3 National Special Exhibitions in honor to the Reformation jubilee in 2017
The Luther Effect. Protestantism - 500 Years in the World
12th April to 5th November 2017, Deutsches Historisches Museum in the Martin-Gropius-Bau exhibition hall in Berlin
For the first time an exhibition will illustrate the global diversity and effective history of Protestantism, but also its potential for engendering conflict between different cultures.
The exhibition raises questions: What traces of Protestantism can be found in other denominations, religions and concepts of life? How did it change itself through these encounters — and not least of all, in what ways have people adopted and appropriated the Protestant doctrine, how have they shaped it and lived it? The exhibition “The Luther Effect” tells a global story of effect and counter-effect that begins around 1500 and continues on into the present. It is depicted using the examples of Germany and Europe 1450–1600, Sweden 1500–1750, North America 1600–1900, Korea 1850–2000 and present-day Tanzania.

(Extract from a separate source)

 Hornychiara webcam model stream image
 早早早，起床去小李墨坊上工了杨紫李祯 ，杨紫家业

The Deutsches Historisches Museum is presenting the exhibition in the Martin-Gropius-Bau on a area of some 3,000 m2 and bringing together outstanding exponents from national and international lenders, many of which have never before been displayed in Germany. Supplementing the exhibition are numerous cultural and educational events and fringe programmes. A richly illustrated catalogue will also be published.
Luther and the Germans
4th May to 5th November 2017, On the Wartburg in Eisenach
With 350,000 visitors annually, Wartburg Castle is the most visited Luther site worldwide. For almost a year its thick walls protected the reformer after he was declared an outlaw at the Diet at Worms (1521). During his exile he laid the foundation for a unified written German language, translating the New Testament into German.
However, Luther and Lutheranism influenced “the Germans” in many other ways as well. The emphasis on education and the emergence of a “bourgeoisified” clergy in the form of the pastor’s family contributed to the German self-image as a nation of culture. On the political level, the reformation’s ideas and the religious schism that followed, led to several military conflicts, such as the Peasants’ War of 1525 or the Thirty Years’ War. Notably, the reformer’s alleged deference to authority was later seen as the “original sin” of the Germans—the primordial cause for the Nazi Party’s rise to power.

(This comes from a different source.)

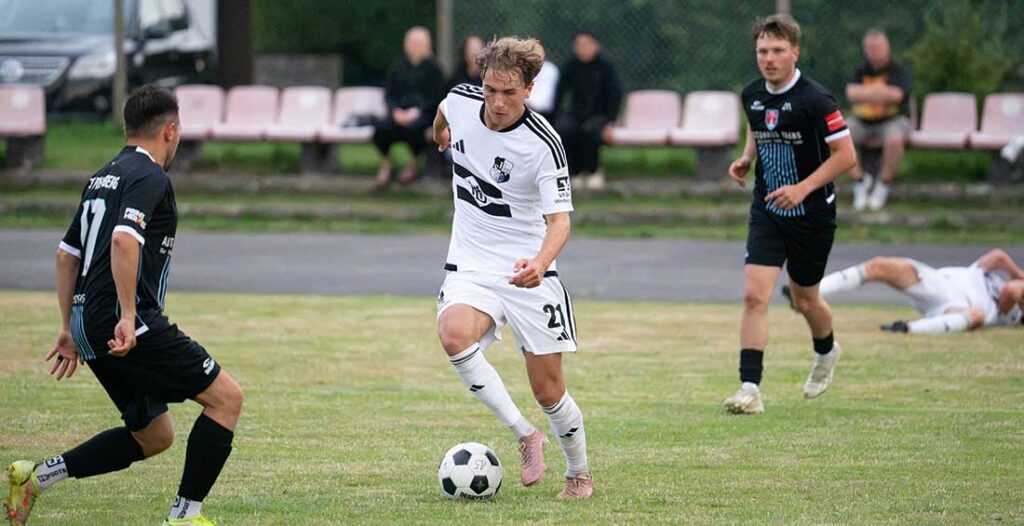 Thede Reimers (Heider SV) am Ball gegen Ömer Akyörük (TBS Pinneberg). © 2026 Volker Schlichting Thede Reimers (Heider SV) am Ball gegen Ömer Akyörük (TBS Pinneberg). © 2026 Volker Schlichting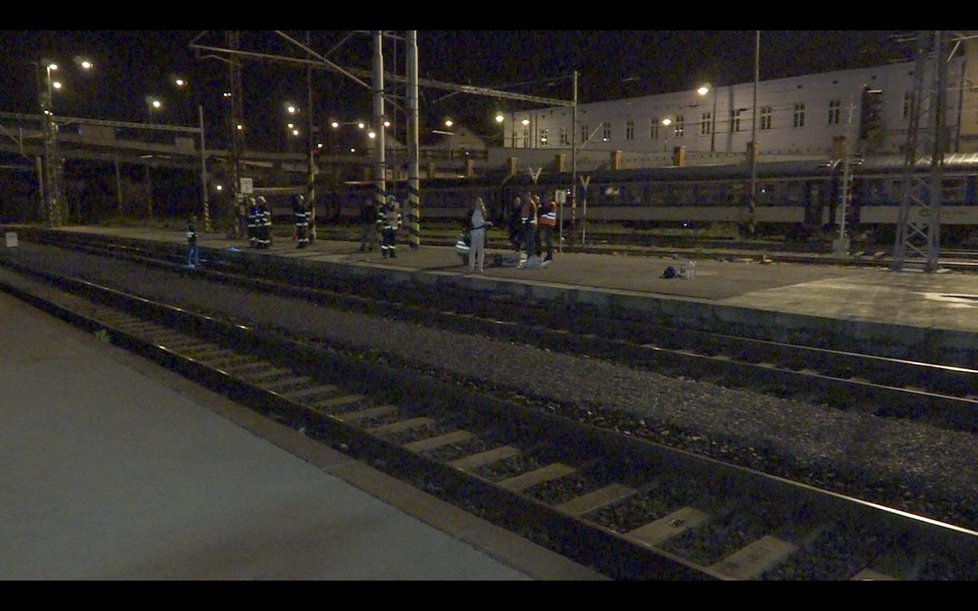 Chodci našli v kolejišti v Plzni mrtvolu muže, nejspíš ho srazil vlak.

This view was long prevalent in the GDR. The exhibition shows how every era of German history coined its very own image of Luther. Succinct reformatory themes will be presented in the context of cultural and political developments, creating a link from Luther’s lifetime to today. As an atmospheric highlight, Luther’s authentic living quarters await the visitor at the end of the tour.
Luther! 95 People – 95 Treasures
13th May to 5th November 2017, An exhibition of the Stiftung Luthergedenkstätten in Sachsen-Anhalt in the Augusteum/Luther House in Lutherstadt Wittenberg
Wittenberg is the birthplace of the Reformation and the most important site of Martin Luther’s life and work. In this historic location will be shown in 2017 the exhibition “Luther!95 People – 95 Treasures”.

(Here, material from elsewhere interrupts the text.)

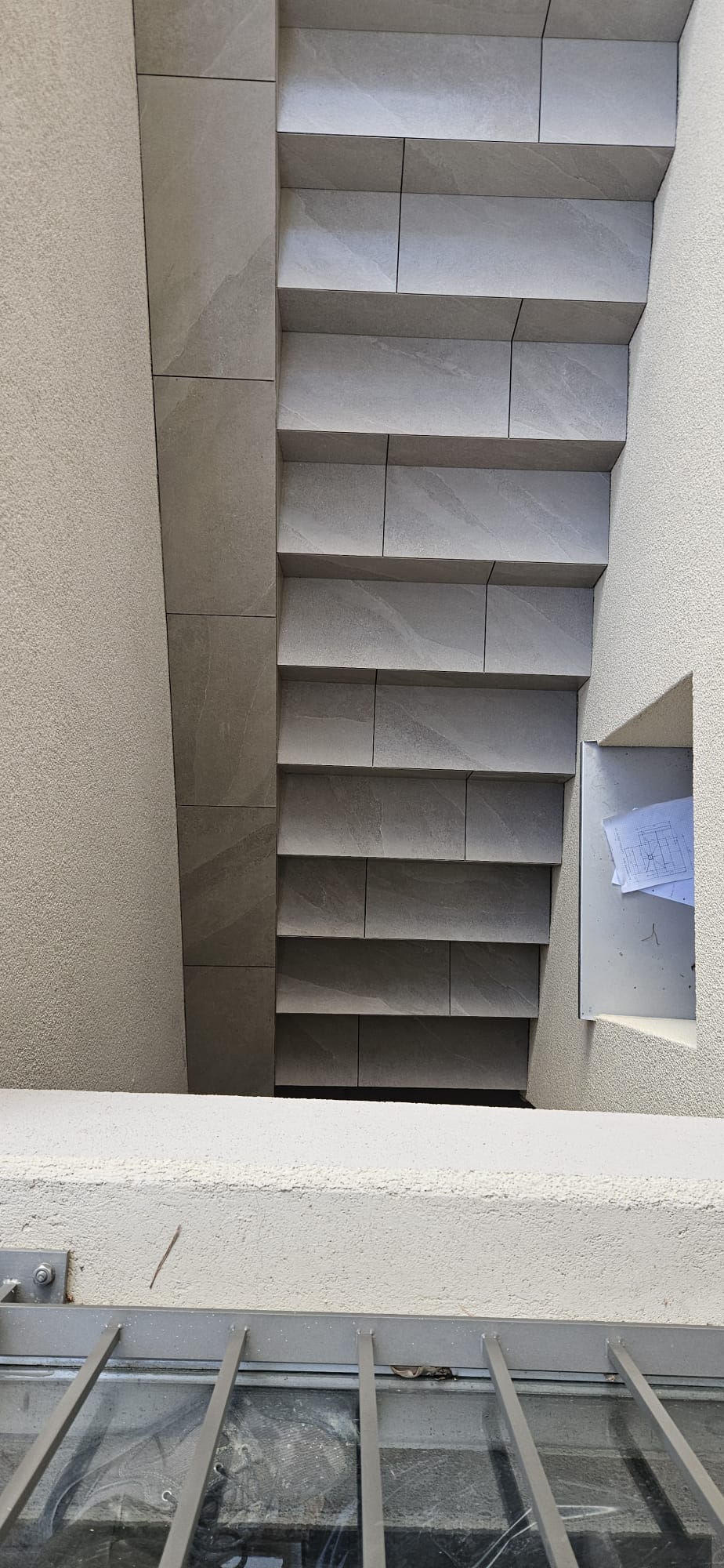 Blick von oben auf die fertig geplattelte Treppe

Part one will introduce ninety-five individuals with personal ties to Martin Luther and his work. Luther’s impact was varied: He inspired and infuriated people, he touched and repulsed them—but he never left anyone indifferent. Ninety-five approaches to Luther will be presented, encouraging guests to find their own approach to him. And the question of Luther’s meaning for us today will be raised.
Part two will be devoted to Luther himself. This exhibition will free the historical Luther from the ballast of five centuries of reception history. “95 Treasures” will serve to bring Luther the man to life. Exceptional objects on loan from Germany and abroad will include Luther’s private Bible from Veste Coburg, archaeological finds from the stations of his life, and his holograph will of 1542.